Uma primeira conclusão a tirar desta lista é que há uma grande parte de cardeais com mais de 80 anos (109) e que, portanto, estarão fora do próximo conclave. Um colégio cardinalício envelhecido e que já terá pouco a dar para uma reforma tão necessária para a nossa Igreja de hoje. Muita púrpura e pouca uva! Inclusive, há igrejas locais que estão à espera da morte dos seus antigos cardeais para que surjam novos cardeais! Algo, aliás, pouco compreensível, nem mesmo por razões históricas. Poderão, estes, ser apenas “influenceres” dos cardeais eleitores.

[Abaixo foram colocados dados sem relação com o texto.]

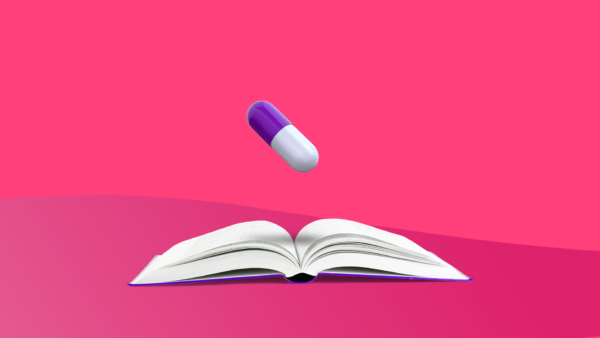 A book and a pill explain how do antibiotics work?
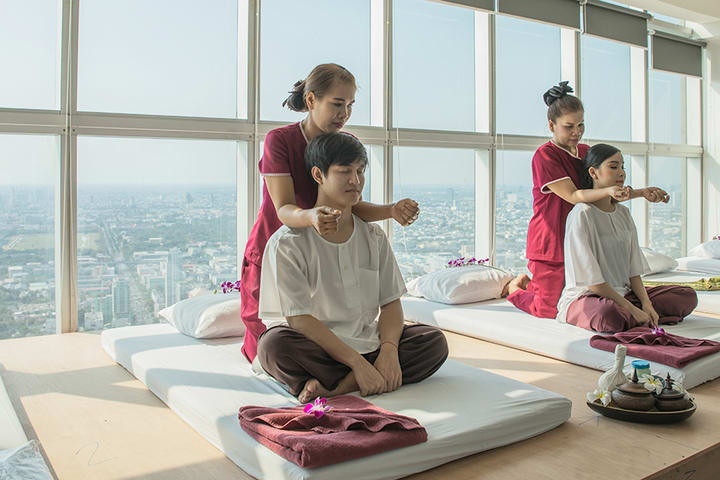 Sky Relax at Baiyoke Sky Hotel in Bangkok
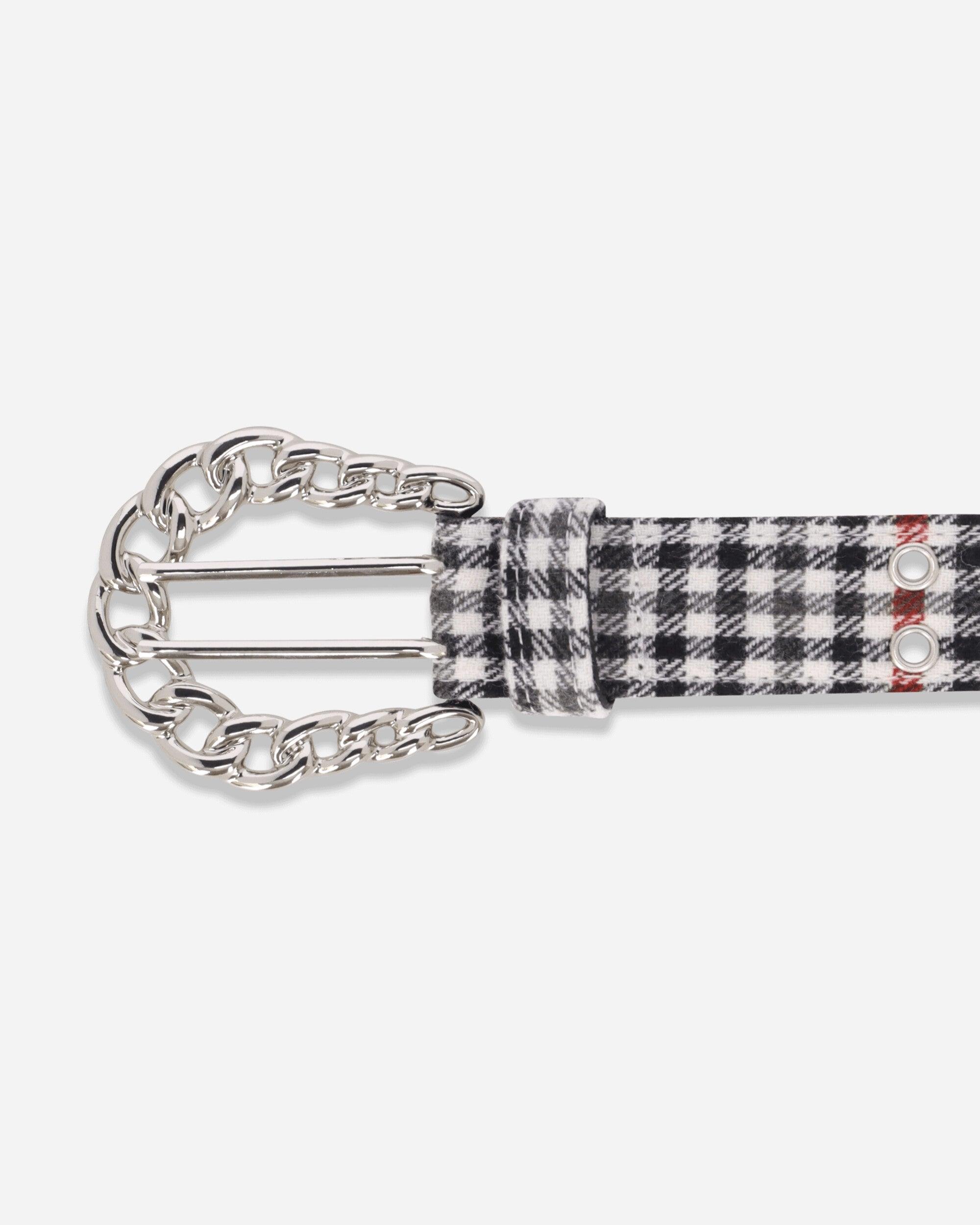 小物 AFB FLANNEL CHECK BELT BLACK GREY AFB FLANNEL CHECK BELT BLACK GREY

Se analisarmos a procedência dos cardeais, a maior parte vem do velho continente da Europa, onde a fé cristã é cada vez mais fria, distante e indiferente. Uma questão que se coloca: a que critérios obedece a escolha dos cardeais? Sabemos que é o Papa que escolhe e nomeia. Contudo, os critérios muitas vezes não se percebem com clarividência. Representam uma região/igreja local? Representam um território com maior percentagem de cristãos? Representa as igrejas de minorias e de periferias? Representa uma necessidade para as funções da cúria romana? Representa amizades e confianças pessoais do próprio Papa? Julgo que deveria haver critérios muito mais objectivos, claros e transparentes, para que os cardeais pudessem representar as bases e não aparecerem apenas como um prémio a uma igreja particular ou um prémio pessoal a um bispo amado ou querido. Daí, alguns cardeais aparecerem do nada sem se saber muito bem o que representam. E isto porque deveriam sentir-se “obrigados” a representarem-nos na eleição do futuro papa. E não se acharem apenas uns iluminados, a quem colocaram o barrete cardinalício, e que escolherão conforme o seu gosto e inclinação pessoal, ou por pressões de corredor que sempre existem, nestes momentos eletivos do novo papa.
55 cardeais da Europa. 17 da América do Norte. 5 da América Central. 15 da América do Sul. 20 da Ásia. 17 de África e 3 da Oceânia. O que isto representa? É a pergunta que todos poderemos fazer. Que conclusões tirar desta distribuição? Que critérios para a escolha daqueles que farão a eleição directa do próximo papa? Mais uma vez friso a necessidade de haver critérios mais objectivos para a escolha dos cardeais. Critérios esses que não deveriam ficar apenas e só na cabeça e nas mãos do papa que os escolhe. O mesmo digo em relação ao processo da escolha dos bispos. Ainda continuam processos muito fechados e sigilosos, sem envolverem o máximo de pessoas para o efeito. E quando assim é, quase que são escolhas impostas de cima, quando deveriam sair das bases, tentando oscultar o máximo de agentes pastorais e não só quase os bispos e os padres. Quando estes processos não são envolventes, não queiramos depois que os bispos sejam envolvidos por todos.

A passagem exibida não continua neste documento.